Task statement :: Take the records below and print them verbatim up to and including the line that carries "Christoph 3 und".

Source material below:

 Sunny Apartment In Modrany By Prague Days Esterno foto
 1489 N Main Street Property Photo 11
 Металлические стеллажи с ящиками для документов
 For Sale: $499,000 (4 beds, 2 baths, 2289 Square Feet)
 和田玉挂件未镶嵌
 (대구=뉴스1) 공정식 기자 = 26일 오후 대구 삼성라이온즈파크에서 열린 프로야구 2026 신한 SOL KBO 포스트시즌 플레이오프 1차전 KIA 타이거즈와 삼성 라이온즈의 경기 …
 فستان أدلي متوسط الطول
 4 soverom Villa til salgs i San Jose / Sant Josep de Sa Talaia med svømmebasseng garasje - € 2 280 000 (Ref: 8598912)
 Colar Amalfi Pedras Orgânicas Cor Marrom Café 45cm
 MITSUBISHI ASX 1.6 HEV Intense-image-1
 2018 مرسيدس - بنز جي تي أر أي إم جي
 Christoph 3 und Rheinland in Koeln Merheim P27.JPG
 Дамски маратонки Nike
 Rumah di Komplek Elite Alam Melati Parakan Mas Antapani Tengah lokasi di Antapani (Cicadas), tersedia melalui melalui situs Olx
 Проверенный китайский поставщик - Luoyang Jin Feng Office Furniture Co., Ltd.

End of Source material.

Answer section ::
 Sunny Apartment In Modrany By Prague Days Esterno foto
 1489 N Main Street Property Photo 11
 Металлические стеллажи с ящиками для документов
 For Sale: $499,000 (4 beds, 2 baths, 2289 Square Feet)
 和田玉挂件未镶嵌
 (대구=뉴스1) 공정식 기자 = 26일 오후 대구 삼성라이온즈파크에서 열린 프로야구 2026 신한 SOL KBO 포스트시즌 플레이오프 1차전 KIA 타이거즈와 삼성 라이온즈의 경기 …
 فستان أدلي متوسط الطول
 4 soverom Villa til salgs i San Jose / Sant Josep de Sa Talaia med svømmebasseng garasje - € 2 280 000 (Ref: 8598912)
 Colar Amalfi Pedras Orgânicas Cor Marrom Café 45cm
 MITSUBISHI ASX 1.6 HEV Intense-image-1
 2018 مرسيدس - بنز جي تي أر أي إم جي
 Christoph 3 und Rheinland in Koeln Merheim P27.JPG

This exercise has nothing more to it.